HOW TO COMPLETE THIS TASK: Among the entries below, count the lines holding the string "nightstand". Respond with the number alone.

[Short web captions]
######

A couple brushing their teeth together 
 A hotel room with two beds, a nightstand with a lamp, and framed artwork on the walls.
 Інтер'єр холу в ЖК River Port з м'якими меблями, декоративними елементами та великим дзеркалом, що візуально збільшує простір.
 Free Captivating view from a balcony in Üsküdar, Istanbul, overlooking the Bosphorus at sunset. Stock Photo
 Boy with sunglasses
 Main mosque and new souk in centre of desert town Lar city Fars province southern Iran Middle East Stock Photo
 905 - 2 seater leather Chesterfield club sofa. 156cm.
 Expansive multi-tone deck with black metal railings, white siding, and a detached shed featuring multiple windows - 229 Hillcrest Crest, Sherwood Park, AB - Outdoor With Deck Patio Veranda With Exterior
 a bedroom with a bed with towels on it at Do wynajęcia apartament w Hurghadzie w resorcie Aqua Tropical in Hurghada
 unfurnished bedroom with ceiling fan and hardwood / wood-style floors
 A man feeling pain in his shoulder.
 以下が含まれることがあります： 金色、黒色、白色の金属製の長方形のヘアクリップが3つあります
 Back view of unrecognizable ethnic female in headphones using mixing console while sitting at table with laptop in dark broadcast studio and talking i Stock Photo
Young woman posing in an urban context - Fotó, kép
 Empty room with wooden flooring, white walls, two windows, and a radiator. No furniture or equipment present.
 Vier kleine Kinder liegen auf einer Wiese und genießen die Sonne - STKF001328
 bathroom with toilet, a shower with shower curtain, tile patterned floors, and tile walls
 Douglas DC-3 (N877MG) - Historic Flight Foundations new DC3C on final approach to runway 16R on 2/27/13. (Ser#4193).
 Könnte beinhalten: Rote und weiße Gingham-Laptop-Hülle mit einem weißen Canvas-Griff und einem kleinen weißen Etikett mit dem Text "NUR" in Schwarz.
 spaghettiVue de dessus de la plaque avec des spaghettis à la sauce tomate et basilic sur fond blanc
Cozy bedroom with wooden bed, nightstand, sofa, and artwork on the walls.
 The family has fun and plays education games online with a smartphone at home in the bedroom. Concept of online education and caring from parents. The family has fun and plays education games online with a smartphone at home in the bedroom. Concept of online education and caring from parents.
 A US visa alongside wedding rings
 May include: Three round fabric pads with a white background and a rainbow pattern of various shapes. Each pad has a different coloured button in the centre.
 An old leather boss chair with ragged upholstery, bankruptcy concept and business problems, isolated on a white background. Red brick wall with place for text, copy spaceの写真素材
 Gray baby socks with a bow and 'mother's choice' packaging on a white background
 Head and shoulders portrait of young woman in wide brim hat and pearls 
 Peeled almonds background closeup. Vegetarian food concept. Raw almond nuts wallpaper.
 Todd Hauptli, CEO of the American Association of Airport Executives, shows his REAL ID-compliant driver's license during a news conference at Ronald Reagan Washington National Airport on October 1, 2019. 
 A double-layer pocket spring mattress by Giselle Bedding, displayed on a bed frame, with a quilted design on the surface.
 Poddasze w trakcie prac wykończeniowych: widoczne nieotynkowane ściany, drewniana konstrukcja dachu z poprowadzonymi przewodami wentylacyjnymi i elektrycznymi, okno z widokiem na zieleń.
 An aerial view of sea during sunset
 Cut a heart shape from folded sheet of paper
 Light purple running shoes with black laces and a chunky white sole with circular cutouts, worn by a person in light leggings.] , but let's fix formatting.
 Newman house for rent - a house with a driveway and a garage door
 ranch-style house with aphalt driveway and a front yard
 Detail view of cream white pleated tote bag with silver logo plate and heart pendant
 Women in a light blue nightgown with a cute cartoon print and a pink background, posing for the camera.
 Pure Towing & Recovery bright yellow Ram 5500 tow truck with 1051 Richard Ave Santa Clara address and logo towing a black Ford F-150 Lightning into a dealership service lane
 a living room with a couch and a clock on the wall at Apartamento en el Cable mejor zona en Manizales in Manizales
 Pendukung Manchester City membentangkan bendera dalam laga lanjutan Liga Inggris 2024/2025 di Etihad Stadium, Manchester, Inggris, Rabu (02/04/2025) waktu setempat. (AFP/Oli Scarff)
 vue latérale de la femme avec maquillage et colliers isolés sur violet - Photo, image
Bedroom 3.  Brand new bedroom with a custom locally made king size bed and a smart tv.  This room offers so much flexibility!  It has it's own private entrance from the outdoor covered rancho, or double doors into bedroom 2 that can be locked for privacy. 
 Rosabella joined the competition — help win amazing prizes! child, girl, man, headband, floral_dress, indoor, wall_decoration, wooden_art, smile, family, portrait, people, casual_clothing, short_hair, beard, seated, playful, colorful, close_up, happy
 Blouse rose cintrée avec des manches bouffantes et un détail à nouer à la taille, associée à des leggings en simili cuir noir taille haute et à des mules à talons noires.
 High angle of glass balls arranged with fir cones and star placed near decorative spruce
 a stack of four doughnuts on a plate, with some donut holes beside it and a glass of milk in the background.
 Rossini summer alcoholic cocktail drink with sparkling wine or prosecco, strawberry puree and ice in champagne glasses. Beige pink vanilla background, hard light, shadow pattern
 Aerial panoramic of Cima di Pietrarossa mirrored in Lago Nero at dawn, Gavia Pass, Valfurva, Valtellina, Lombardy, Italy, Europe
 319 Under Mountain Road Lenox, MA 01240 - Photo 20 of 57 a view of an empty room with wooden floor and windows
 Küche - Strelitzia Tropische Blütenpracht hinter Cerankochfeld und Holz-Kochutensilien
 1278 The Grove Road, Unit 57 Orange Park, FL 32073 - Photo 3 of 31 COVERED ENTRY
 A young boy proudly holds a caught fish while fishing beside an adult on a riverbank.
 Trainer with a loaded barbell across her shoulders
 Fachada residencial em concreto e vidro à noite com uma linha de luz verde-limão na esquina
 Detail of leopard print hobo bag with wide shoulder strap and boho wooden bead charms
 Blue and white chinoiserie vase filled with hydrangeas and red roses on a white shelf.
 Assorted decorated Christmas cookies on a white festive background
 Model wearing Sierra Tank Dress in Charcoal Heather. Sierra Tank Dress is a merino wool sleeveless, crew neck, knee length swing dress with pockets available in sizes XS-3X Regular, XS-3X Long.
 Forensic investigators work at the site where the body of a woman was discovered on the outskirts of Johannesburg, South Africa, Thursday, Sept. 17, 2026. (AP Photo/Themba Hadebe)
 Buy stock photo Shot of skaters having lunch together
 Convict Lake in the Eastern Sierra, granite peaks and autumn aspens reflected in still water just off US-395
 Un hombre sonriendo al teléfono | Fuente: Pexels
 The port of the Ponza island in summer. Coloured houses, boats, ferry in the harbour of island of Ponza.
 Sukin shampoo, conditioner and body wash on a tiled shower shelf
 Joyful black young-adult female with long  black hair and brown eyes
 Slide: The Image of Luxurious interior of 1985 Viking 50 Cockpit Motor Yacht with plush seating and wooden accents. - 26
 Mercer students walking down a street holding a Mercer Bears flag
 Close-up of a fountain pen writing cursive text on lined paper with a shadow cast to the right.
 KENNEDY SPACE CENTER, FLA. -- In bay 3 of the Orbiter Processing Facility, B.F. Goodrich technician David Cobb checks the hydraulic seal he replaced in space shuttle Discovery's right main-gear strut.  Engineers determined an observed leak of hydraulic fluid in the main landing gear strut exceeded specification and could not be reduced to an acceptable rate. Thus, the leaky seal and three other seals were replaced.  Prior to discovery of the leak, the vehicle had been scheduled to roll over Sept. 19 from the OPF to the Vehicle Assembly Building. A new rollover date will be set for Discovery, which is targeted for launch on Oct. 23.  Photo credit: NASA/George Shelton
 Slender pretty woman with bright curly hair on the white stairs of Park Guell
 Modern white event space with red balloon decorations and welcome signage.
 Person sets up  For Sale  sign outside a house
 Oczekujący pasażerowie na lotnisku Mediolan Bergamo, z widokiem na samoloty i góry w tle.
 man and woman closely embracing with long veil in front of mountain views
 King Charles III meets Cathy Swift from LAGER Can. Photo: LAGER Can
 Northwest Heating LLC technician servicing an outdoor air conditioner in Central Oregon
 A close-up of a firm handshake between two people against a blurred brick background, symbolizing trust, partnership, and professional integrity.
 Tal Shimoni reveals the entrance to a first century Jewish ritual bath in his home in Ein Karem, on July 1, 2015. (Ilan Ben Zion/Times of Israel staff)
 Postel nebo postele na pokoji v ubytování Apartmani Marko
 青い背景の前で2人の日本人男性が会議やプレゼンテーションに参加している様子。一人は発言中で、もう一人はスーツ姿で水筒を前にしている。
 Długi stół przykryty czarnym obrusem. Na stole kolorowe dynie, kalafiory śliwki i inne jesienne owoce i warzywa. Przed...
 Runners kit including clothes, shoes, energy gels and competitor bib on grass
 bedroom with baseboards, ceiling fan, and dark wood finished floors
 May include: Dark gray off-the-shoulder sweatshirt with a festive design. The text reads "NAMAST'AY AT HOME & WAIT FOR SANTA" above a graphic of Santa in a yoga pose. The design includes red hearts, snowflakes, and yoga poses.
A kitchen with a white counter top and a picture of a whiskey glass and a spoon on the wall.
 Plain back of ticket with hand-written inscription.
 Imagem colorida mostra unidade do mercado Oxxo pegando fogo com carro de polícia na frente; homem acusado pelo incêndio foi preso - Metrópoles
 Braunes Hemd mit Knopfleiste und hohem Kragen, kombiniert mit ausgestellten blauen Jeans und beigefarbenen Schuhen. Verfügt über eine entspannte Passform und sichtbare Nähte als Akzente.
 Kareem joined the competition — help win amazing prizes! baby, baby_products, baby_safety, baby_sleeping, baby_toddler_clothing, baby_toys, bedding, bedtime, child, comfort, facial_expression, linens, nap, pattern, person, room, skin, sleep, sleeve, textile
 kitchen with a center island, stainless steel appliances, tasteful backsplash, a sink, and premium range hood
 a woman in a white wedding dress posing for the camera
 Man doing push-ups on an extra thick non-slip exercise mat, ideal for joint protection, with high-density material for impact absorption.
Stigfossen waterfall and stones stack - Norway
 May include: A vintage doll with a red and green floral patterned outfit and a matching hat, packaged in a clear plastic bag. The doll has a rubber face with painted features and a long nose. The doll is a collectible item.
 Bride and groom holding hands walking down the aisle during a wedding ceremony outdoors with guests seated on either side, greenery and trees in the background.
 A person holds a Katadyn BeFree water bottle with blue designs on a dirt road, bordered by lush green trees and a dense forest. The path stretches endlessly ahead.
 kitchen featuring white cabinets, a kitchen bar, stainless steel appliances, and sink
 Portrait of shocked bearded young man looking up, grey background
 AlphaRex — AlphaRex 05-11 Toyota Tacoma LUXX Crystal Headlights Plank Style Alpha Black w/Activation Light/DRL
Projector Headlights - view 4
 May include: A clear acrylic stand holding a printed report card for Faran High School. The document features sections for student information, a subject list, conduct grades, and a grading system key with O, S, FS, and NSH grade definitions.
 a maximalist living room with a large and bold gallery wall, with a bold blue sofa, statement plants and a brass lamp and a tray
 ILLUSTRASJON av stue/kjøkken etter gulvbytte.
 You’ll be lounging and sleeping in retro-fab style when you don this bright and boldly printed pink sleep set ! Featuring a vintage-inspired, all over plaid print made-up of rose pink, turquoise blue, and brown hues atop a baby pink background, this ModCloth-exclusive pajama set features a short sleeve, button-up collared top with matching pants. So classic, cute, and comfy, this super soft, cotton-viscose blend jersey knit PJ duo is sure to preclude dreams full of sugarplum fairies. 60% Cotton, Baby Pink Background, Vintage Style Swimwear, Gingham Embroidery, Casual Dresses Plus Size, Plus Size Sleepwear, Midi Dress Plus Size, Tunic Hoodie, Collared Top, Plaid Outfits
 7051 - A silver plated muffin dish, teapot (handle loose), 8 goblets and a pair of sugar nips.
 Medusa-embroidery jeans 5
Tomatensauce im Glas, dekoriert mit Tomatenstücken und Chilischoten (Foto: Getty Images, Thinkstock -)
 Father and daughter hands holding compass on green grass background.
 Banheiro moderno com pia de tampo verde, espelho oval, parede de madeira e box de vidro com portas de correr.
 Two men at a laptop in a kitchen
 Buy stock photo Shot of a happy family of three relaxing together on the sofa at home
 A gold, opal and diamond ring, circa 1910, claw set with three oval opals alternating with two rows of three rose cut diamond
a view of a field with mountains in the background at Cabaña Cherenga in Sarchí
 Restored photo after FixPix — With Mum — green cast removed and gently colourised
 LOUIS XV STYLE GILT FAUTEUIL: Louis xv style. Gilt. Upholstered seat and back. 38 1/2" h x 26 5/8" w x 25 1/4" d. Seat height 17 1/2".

######

RESULT OF THIS EXERCISE: 2